### STUDY MATERIAL
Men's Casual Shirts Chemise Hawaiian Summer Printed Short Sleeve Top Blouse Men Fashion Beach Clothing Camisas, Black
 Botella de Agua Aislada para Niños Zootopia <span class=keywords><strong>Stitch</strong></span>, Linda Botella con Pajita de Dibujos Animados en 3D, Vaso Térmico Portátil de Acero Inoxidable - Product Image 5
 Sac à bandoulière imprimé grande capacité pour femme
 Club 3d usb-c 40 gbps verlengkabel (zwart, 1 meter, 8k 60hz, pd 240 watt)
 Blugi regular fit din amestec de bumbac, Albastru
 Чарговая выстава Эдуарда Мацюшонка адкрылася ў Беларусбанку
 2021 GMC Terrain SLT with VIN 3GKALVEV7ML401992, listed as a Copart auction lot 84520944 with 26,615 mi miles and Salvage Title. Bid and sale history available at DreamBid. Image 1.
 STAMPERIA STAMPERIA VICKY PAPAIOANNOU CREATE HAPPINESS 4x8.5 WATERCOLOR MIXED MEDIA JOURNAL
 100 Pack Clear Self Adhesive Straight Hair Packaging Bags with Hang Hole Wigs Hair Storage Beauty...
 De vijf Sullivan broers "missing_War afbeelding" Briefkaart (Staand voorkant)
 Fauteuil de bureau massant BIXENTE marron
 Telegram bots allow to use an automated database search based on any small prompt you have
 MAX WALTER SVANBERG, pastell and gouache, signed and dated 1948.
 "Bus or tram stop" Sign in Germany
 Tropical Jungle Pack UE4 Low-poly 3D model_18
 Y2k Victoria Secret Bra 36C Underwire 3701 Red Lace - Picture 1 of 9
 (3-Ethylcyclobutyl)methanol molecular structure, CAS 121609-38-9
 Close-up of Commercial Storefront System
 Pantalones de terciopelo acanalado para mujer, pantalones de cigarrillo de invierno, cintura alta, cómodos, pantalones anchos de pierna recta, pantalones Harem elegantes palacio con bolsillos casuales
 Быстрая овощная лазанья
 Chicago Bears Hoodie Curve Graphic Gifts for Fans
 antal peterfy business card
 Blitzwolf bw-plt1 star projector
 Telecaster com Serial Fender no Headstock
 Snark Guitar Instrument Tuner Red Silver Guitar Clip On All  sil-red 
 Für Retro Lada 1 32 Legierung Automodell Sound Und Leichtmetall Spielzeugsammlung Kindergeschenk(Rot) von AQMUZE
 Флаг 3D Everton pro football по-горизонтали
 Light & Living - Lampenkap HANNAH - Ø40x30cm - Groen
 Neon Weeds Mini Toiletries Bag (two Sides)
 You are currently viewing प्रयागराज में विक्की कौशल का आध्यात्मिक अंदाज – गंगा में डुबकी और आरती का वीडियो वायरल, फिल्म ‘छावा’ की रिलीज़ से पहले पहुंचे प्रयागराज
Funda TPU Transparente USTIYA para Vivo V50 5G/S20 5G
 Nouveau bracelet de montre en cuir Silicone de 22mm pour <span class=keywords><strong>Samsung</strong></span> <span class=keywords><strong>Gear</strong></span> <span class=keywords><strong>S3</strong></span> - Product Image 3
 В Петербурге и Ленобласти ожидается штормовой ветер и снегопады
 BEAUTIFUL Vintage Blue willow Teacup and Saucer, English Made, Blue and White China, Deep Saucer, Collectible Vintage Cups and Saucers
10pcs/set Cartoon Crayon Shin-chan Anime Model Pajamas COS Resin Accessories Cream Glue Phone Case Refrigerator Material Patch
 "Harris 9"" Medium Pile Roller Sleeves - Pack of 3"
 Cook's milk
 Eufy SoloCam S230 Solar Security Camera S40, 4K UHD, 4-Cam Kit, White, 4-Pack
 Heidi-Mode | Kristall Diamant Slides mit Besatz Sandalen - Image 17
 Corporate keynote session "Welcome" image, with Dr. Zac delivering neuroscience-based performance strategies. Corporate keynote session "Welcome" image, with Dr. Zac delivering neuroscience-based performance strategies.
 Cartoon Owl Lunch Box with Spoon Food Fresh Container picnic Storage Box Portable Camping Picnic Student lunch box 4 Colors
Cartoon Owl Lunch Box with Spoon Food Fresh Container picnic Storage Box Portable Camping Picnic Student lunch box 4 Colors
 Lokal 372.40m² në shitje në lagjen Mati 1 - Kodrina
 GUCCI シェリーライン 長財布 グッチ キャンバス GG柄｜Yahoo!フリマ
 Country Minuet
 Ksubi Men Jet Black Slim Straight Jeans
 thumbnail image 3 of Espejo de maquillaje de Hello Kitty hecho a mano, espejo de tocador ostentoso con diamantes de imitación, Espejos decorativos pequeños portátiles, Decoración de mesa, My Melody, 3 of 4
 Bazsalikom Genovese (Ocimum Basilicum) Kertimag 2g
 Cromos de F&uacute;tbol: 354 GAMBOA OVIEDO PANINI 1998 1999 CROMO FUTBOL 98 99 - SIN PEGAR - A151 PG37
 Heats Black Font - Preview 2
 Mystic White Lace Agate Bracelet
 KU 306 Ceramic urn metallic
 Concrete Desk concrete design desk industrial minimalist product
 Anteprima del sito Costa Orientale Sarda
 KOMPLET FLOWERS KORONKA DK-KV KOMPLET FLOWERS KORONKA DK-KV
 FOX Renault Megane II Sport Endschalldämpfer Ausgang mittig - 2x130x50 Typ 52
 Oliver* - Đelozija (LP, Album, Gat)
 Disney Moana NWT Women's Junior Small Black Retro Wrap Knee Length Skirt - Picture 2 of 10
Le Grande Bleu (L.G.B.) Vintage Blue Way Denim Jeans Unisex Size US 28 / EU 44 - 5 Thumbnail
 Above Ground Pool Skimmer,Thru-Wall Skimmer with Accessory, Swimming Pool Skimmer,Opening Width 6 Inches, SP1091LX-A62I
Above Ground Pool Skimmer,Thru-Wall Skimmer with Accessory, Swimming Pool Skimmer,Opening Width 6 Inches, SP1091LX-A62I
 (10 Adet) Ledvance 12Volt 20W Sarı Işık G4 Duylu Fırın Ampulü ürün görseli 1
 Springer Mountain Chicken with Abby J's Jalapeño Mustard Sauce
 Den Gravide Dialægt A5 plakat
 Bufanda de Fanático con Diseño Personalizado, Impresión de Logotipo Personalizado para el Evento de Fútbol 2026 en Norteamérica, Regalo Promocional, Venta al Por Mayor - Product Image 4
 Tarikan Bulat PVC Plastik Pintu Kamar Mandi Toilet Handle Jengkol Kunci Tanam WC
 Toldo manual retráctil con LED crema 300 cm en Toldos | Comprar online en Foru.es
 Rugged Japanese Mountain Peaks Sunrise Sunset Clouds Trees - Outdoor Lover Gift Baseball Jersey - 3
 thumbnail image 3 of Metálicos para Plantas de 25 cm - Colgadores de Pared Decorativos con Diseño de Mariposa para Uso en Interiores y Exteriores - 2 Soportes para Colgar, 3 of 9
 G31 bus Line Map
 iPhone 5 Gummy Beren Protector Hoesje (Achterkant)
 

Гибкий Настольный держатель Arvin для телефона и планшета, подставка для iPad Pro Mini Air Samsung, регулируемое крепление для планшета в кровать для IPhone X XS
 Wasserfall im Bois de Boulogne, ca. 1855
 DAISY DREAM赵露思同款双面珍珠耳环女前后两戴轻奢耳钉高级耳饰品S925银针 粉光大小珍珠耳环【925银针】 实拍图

### WORK REQUIRED
From the first line to the last, copy every record exactly.

### RESPONSE
Men's Casual Shirts Chemise Hawaiian Summer Printed Short Sleeve Top Blouse Men Fashion Beach Clothing Camisas, Black
 Botella de Agua Aislada para Niños Zootopia <span class=keywords><strong>Stitch</strong></span>, Linda Botella con Pajita de Dibujos Animados en 3D, Vaso Térmico Portátil de Acero Inoxidable - Product Image 5
 Sac à bandoulière imprimé grande capacité pour femme
 Club 3d usb-c 40 gbps verlengkabel (zwart, 1 meter, 8k 60hz, pd 240 watt)
 Blugi regular fit din amestec de bumbac, Albastru
 Чарговая выстава Эдуарда Мацюшонка адкрылася ў Беларусбанку
 2021 GMC Terrain SLT with VIN 3GKALVEV7ML401992, listed as a Copart auction lot 84520944 with 26,615 mi miles and Salvage Title. Bid and sale history available at DreamBid. Image 1.
 STAMPERIA STAMPERIA VICKY PAPAIOANNOU CREATE HAPPINESS 4x8.5 WATERCOLOR MIXED MEDIA JOURNAL
 100 Pack Clear Self Adhesive Straight Hair Packaging Bags with Hang Hole Wigs Hair Storage Beauty...
 De vijf Sullivan broers "missing_War afbeelding" Briefkaart (Staand voorkant)
 Fauteuil de bureau massant BIXENTE marron
 Telegram bots allow to use an automated database search based on any small prompt you have
 MAX WALTER SVANBERG, pastell and gouache, signed and dated 1948.
 "Bus or tram stop" Sign in Germany
 Tropical Jungle Pack UE4 Low-poly 3D model_18
 Y2k Victoria Secret Bra 36C Underwire 3701 Red Lace - Picture 1 of 9
 (3-Ethylcyclobutyl)methanol molecular structure, CAS 121609-38-9
 Close-up of Commercial Storefront System
 Pantalones de terciopelo acanalado para mujer, pantalones de cigarrillo de invierno, cintura alta, cómodos, pantalones anchos de pierna recta, pantalones Harem elegantes palacio con bolsillos casuales
 Быстрая овощная лазанья
 Chicago Bears Hoodie Curve Graphic Gifts for Fans
 antal peterfy business card
 Blitzwolf bw-plt1 star projector
 Telecaster com Serial Fender no Headstock
 Snark Guitar Instrument Tuner Red Silver Guitar Clip On All  sil-red 
 Für Retro Lada 1 32 Legierung Automodell Sound Und Leichtmetall Spielzeugsammlung Kindergeschenk(Rot) von AQMUZE
 Флаг 3D Everton pro football по-горизонтали
 Light & Living - Lampenkap HANNAH - Ø40x30cm - Groen
 Neon Weeds Mini Toiletries Bag (two Sides)
 You are currently viewing प्रयागराज में विक्की कौशल का आध्यात्मिक अंदाज – गंगा में डुबकी और आरती का वीडियो वायरल, फिल्म ‘छावा’ की रिलीज़ से पहले पहुंचे प्रयागराज
Funda TPU Transparente USTIYA para Vivo V50 5G/S20 5G
 Nouveau bracelet de montre en cuir Silicone de 22mm pour <span class=keywords><strong>Samsung</strong></span> <span class=keywords><strong>Gear</strong></span> <span class=keywords><strong>S3</strong></span> - Product Image 3
 В Петербурге и Ленобласти ожидается штормовой ветер и снегопады
 BEAUTIFUL Vintage Blue willow Teacup and Saucer, English Made, Blue and White China, Deep Saucer, Collectible Vintage Cups and Saucers
10pcs/set Cartoon Crayon Shin-chan Anime Model Pajamas COS Resin Accessories Cream Glue Phone Case Refrigerator Material Patch
 "Harris 9"" Medium Pile Roller Sleeves - Pack of 3"
 Cook's milk
 Eufy SoloCam S230 Solar Security Camera S40, 4K UHD, 4-Cam Kit, White, 4-Pack
 Heidi-Mode | Kristall Diamant Slides mit Besatz Sandalen - Image 17
 Corporate keynote session "Welcome" image, with Dr. Zac delivering neuroscience-based performance strategies. Corporate keynote session "Welcome" image, with Dr. Zac delivering neuroscience-based performance strategies.
 Cartoon Owl Lunch Box with Spoon Food Fresh Container picnic Storage Box Portable Camping Picnic Student lunch box 4 Colors
Cartoon Owl Lunch Box with Spoon Food Fresh Container picnic Storage Box Portable Camping Picnic Student lunch box 4 Colors
 Lokal 372.40m² në shitje në lagjen Mati 1 - Kodrina
 GUCCI シェリーライン 長財布 グッチ キャンバス GG柄｜Yahoo!フリマ
 Country Minuet
 Ksubi Men Jet Black Slim Straight Jeans
 thumbnail image 3 of Espejo de maquillaje de Hello Kitty hecho a mano, espejo de tocador ostentoso con diamantes de imitación, Espejos decorativos pequeños portátiles, Decoración de mesa, My Melody, 3 of 4
 Bazsalikom Genovese (Ocimum Basilicum) Kertimag 2g
 Cromos de F&uacute;tbol: 354 GAMBOA OVIEDO PANINI 1998 1999 CROMO FUTBOL 98 99 - SIN PEGAR - A151 PG37
 Heats Black Font - Preview 2
 Mystic White Lace Agate Bracelet
 KU 306 Ceramic urn metallic
 Concrete Desk concrete design desk industrial minimalist product
 Anteprima del sito Costa Orientale Sarda
 KOMPLET FLOWERS KORONKA DK-KV KOMPLET FLOWERS KORONKA DK-KV
 FOX Renault Megane II Sport Endschalldämpfer Ausgang mittig - 2x130x50 Typ 52
 Oliver* - Đelozija (LP, Album, Gat)
 Disney Moana NWT Women's Junior Small Black Retro Wrap Knee Length Skirt - Picture 2 of 10
Le Grande Bleu (L.G.B.) Vintage Blue Way Denim Jeans Unisex Size US 28 / EU 44 - 5 Thumbnail
 Above Ground Pool Skimmer,Thru-Wall Skimmer with Accessory, Swimming Pool Skimmer,Opening Width 6 Inches, SP1091LX-A62I
Above Ground Pool Skimmer,Thru-Wall Skimmer with Accessory, Swimming Pool Skimmer,Opening Width 6 Inches, SP1091LX-A62I
 (10 Adet) Ledvance 12Volt 20W Sarı Işık G4 Duylu Fırın Ampulü ürün görseli 1
 Springer Mountain Chicken with Abby J's Jalapeño Mustard Sauce
 Den Gravide Dialægt A5 plakat
 Bufanda de Fanático con Diseño Personalizado, Impresión de Logotipo Personalizado para el Evento de Fútbol 2026 en Norteamérica, Regalo Promocional, Venta al Por Mayor - Product Image 4
 Tarikan Bulat PVC Plastik Pintu Kamar Mandi Toilet Handle Jengkol Kunci Tanam WC
 Toldo manual retráctil con LED crema 300 cm en Toldos | Comprar online en Foru.es
 Rugged Japanese Mountain Peaks Sunrise Sunset Clouds Trees - Outdoor Lover Gift Baseball Jersey - 3
 thumbnail image 3 of Metálicos para Plantas de 25 cm - Colgadores de Pared Decorativos con Diseño de Mariposa para Uso en Interiores y Exteriores - 2 Soportes para Colgar, 3 of 9
 G31 bus Line Map
 iPhone 5 Gummy Beren Protector Hoesje (Achterkant)
 

Гибкий Настольный держатель Arvin для телефона и планшета, подставка для iPad Pro Mini Air Samsung, регулируемое крепление для планшета в кровать для IPhone X XS
 Wasserfall im Bois de Boulogne, ca. 1855
 DAISY DREAM赵露思同款双面珍珠耳环女前后两戴轻奢耳钉高级耳饰品S925银针 粉光大小珍珠耳环【925银针】 实拍图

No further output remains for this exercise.